Also on the Liberty team is fellow Liberty I founder Mark Pearson, president, who was president and chief executive of Carbo, which bought Pinnacle in 2002. “A number of the Liberty team members were involved in the shale revolution from the start, originally in the Barnett,” Wright says. “When forming Liberty [in 2010], we believed the economics of producing oil would be better than gas. We focused on identifying tight-oil plays where our frac expertise would give us a competitive advantage. The Bakken was very well suited in that it has huge reserves in place and probably the greatest variability in production performance based on frac approach of any major producing basin.”
Last summer, after drilling 31 operated wells with room for at least another 250 in its 43,000- net-acre leasehold, the Denver-based E&P sold its Bakken portfolio of some 6,000 net BOE a day to Kodiak Oil & Gas Corp. for approximately $680 million. With a new, $350-million, private-equity commitment led by Riverstone Holdings LLC, Liberty II didn’t expect to be able to re-enter the highly competitive Bakken.
“That’s why, in the press release when we announced our new funding, we didn’t mention the Bakken as one of our top three basins we thought we would focus on,” Wright says. “We didn’t think we would find an opportunity like this.”
But privately held Sequel Energy Inc., also based in Denver, was divesting rights to the Bakken and Three Forks in 53,000 net acres.
Liberty II picked the package up for $455 million earlier this year. The group’s first Bakken portfolio was in Williams and McKenzie counties. Its new leasehold includes acreage in Burke and Divide counties as well.

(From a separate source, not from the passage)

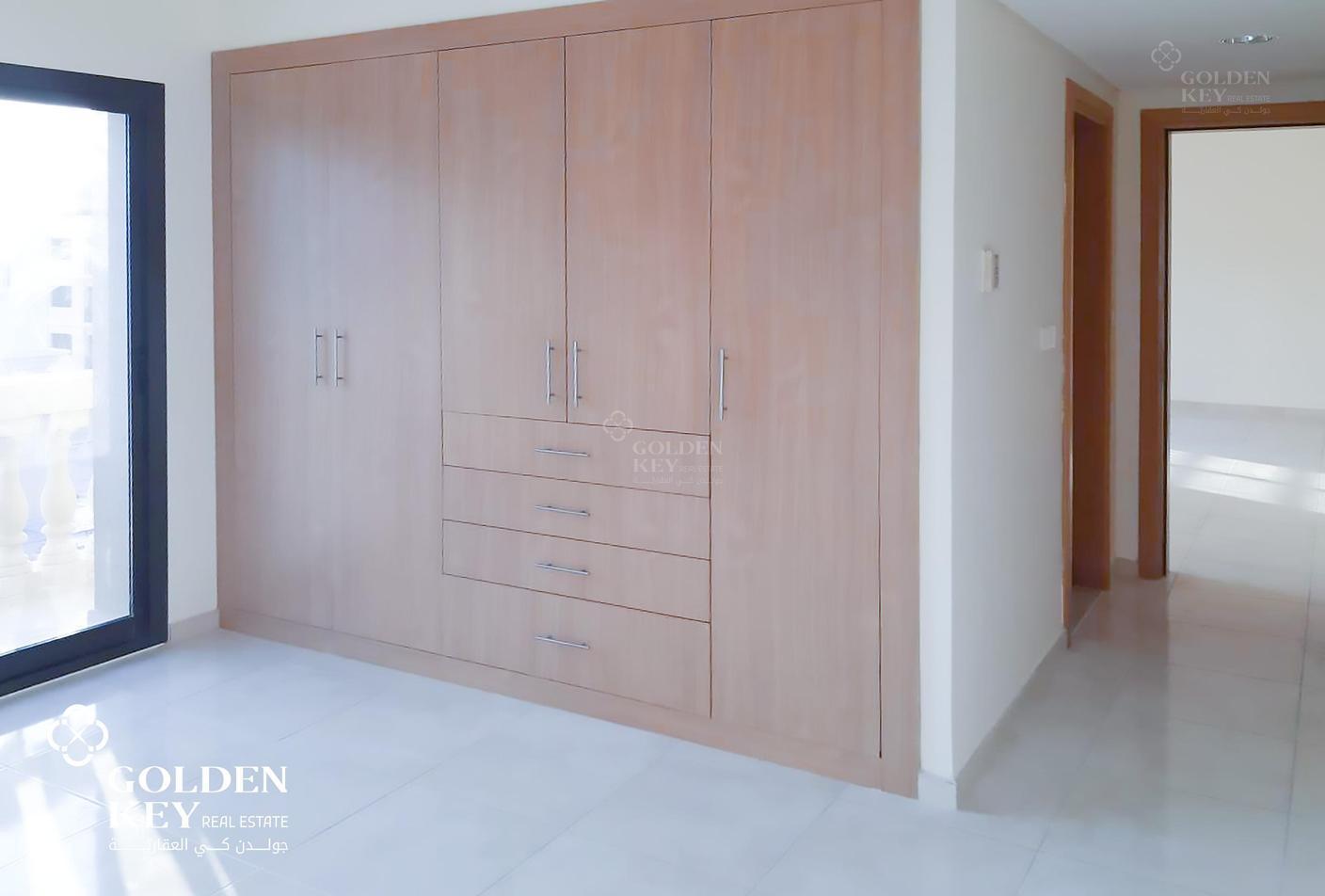 Spacious 1BR with Balcony | UF | Foxhills Lusail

Wright says the primary target in this position is at the intersection of Williams, Divide and Burke counties at the northern end of the Nesson anticline. “This acreage is actually far better than any acreage we had in Liberty I. It has a bit lower reservoir pressure but the Bakken is thicker. The oil is generated there by the upper and lower Bakken shales but is significantly supplemented by oil that migrated up the Nesson anticline structural high.”

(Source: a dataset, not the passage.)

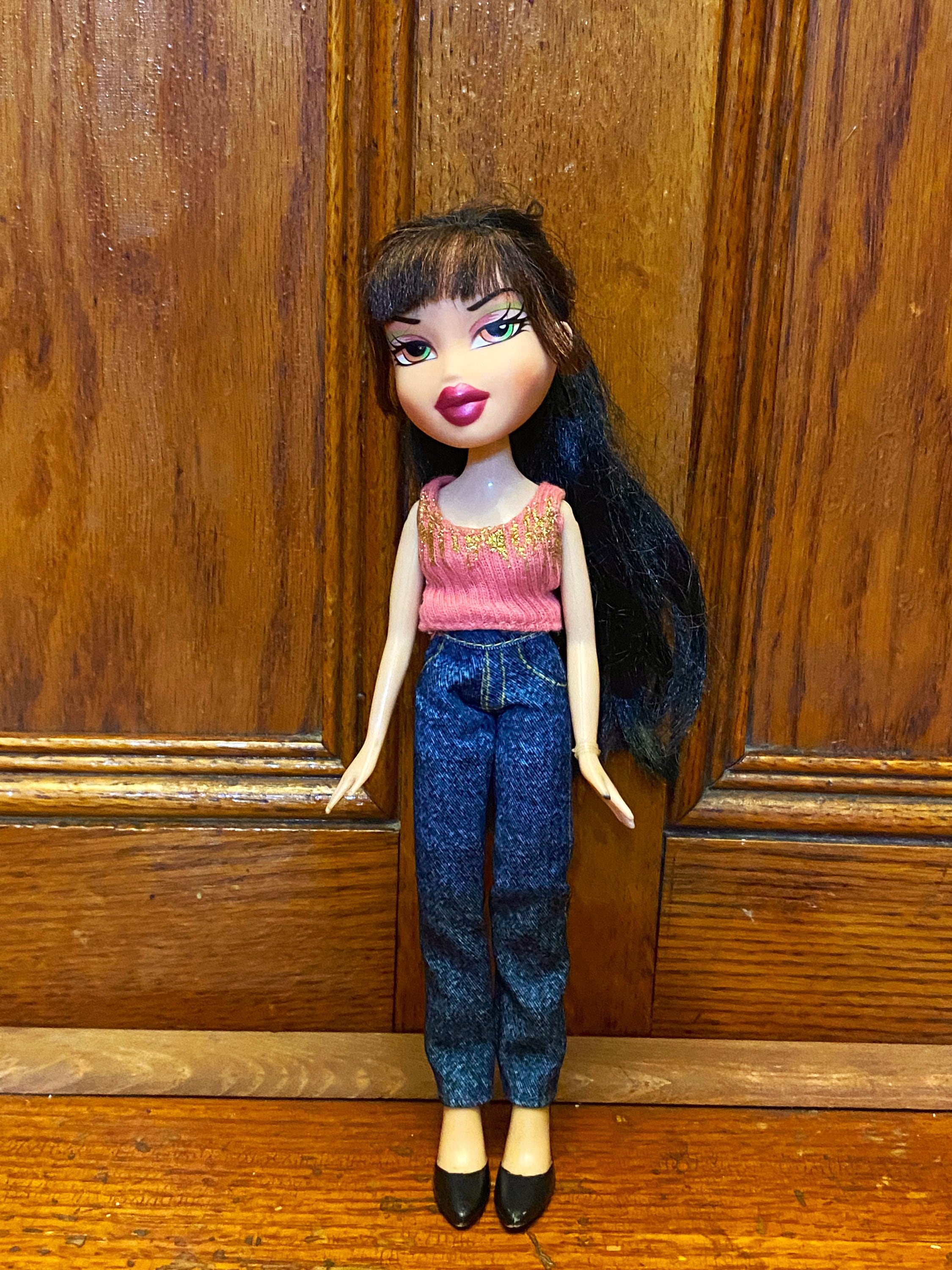 Bratz jade best sale 2001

As with Liberty I, the group aims to deploy “the two Cs:” maximizing contact with the rock and the conductivity for flowing the oil to the wellbore. In the state, the rectangular nature of two-section units results in operators making laterals that tend to travel north and south. But the induced fractures tend to grow northeast and southwest—oblique as opposed to the preferred transverse to the wellbore orientation.
“This presents challenges, but challenges always create opportunities. I gave a keynote address at a Bakken conference once and called it ‘500 Billion Barrels of Oil in Place. Bring Your Own Plumbing.’ How much oil comes out is predominantly driven by the completion technique and how dense a plumbing network you provide with sufficient conductivity.”

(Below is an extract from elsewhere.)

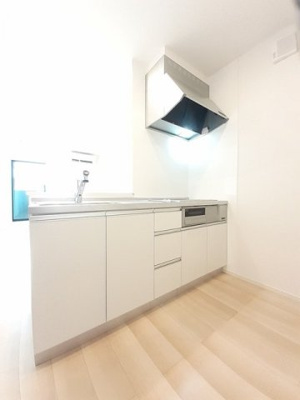 【キッチン】 | メゾン　ド　コルヌイエ　Ⅱ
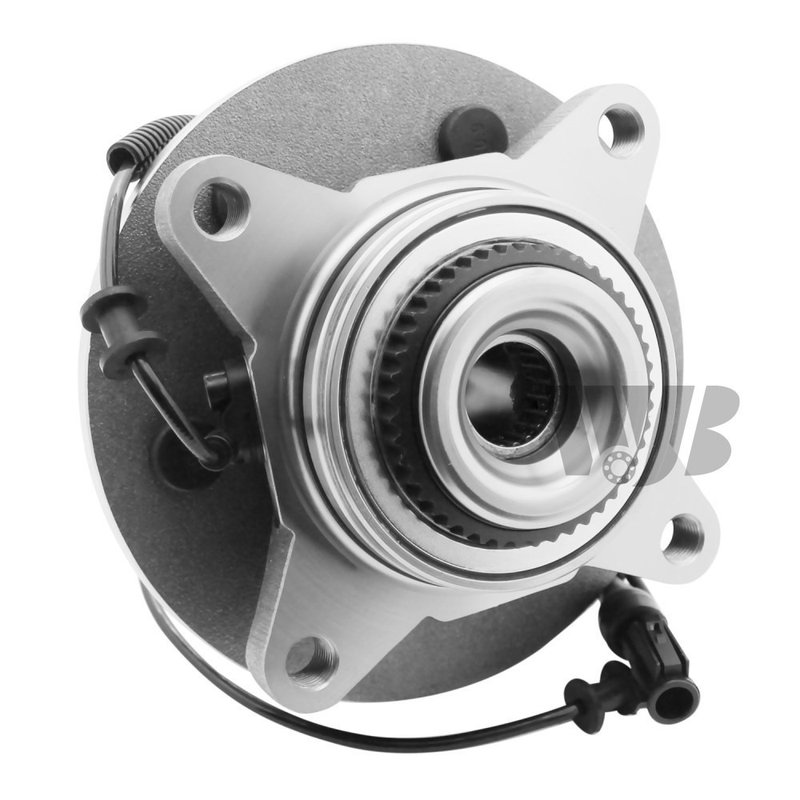 InMotion WA515079HD Wheel Bearing and Hub Assembly - Front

Liberty uses ceramic proppant exclusively but pumps it with slickwater—a lot of it and at a higher injection rate. “We’re maximizing contact with the rock with a whole bunch of skinny fractures and, for as much conductivity as we can have, we pump not only 100% ceramic but we rigorously perform quality control and testing to find the best ceramics.” In production, it has used surface-based jet pumps rather than downhole rod pumps to provide artificial lift where pressure is or has become normal or less than normal. “We will look for as many ways possible to gain an advantage. We’ll have an idea and try it; it may not work. We’re willing to be wrong.”
Its average EUR in Liberty I in a field just north of the city of Williston was 750,000 BOE. “The EUR of other operators in that area was 500,000.” A sister company, Liberty Oilfield Services LLC, fracs wells using the same design for other operators; they are also getting 750,000 BOE.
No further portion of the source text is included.